Data below:
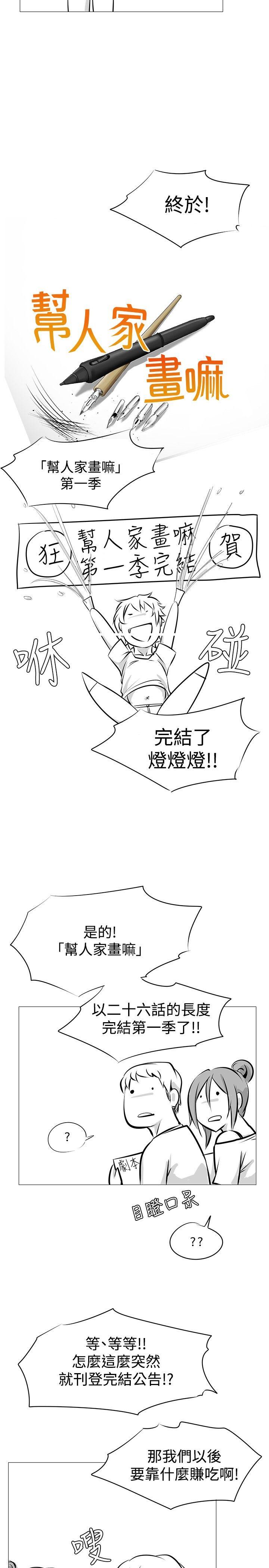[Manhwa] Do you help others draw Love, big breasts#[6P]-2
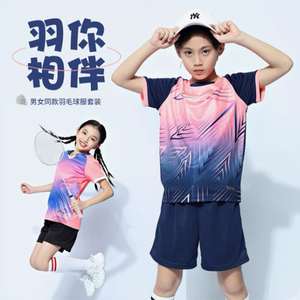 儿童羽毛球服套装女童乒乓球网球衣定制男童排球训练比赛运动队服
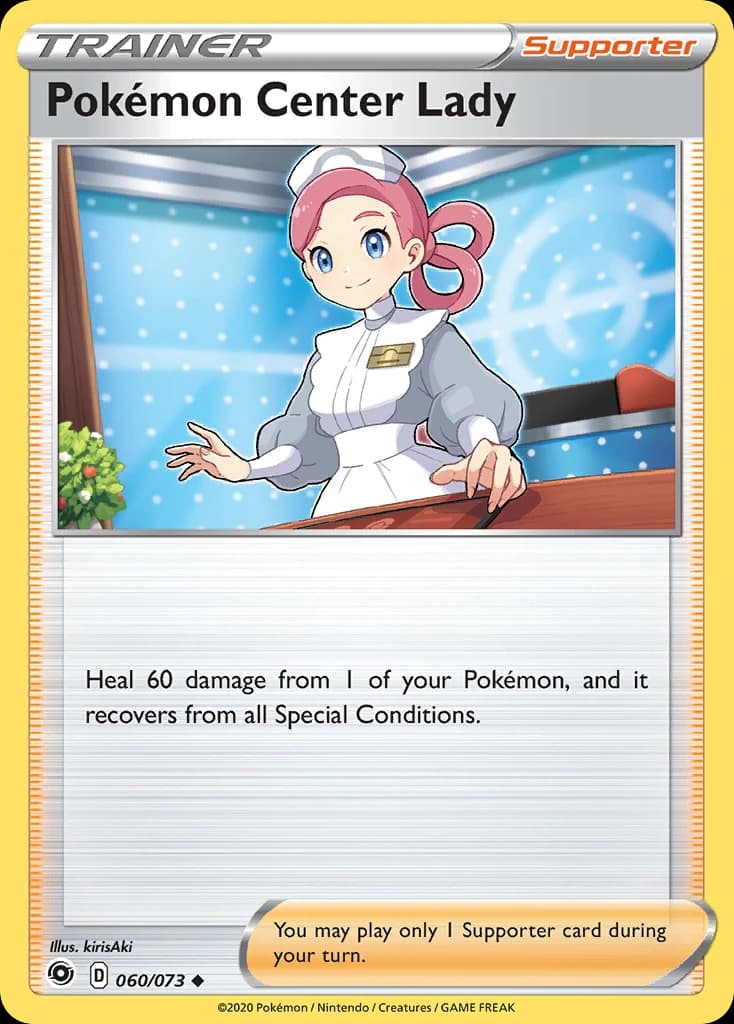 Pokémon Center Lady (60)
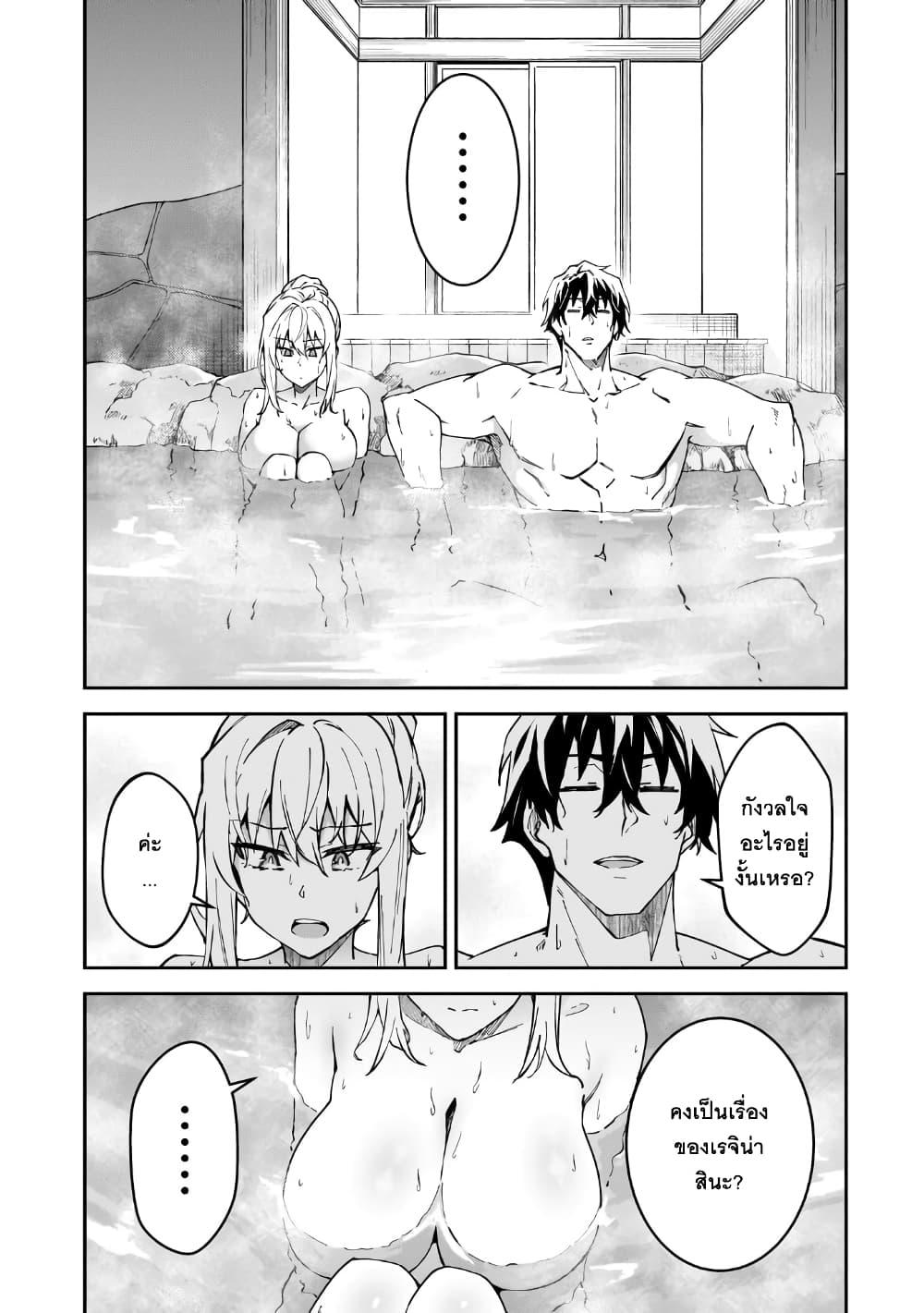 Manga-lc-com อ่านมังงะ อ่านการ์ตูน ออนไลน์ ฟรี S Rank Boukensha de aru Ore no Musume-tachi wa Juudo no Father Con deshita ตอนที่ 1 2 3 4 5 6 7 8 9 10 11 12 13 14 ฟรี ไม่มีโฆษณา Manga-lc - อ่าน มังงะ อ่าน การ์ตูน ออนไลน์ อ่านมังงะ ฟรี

Exercise objective:
For this exercise, return the data above exactly and leave every picture out.

Response for this exercise:
[Manhwa] Do you help others draw Love, big breasts#[6P]-2
 儿童羽毛球服套装女童乒乓球网球衣定制男童排球训练比赛运动队服
 Pokémon Center Lady (60)
 Manga-lc-com อ่านมังงะ อ่านการ์ตูน ออนไลน์ ฟรี S Rank Boukensha de aru Ore no Musume-tachi wa Juudo no Father Con deshita ตอนที่ 1 2 3 4 5 6 7 8 9 10 11 12 13 14 ฟรี ไม่มีโฆษณา Manga-lc - อ่าน มังงะ อ่าน การ์ตูน ออนไลน์ อ่านมังงะ ฟรี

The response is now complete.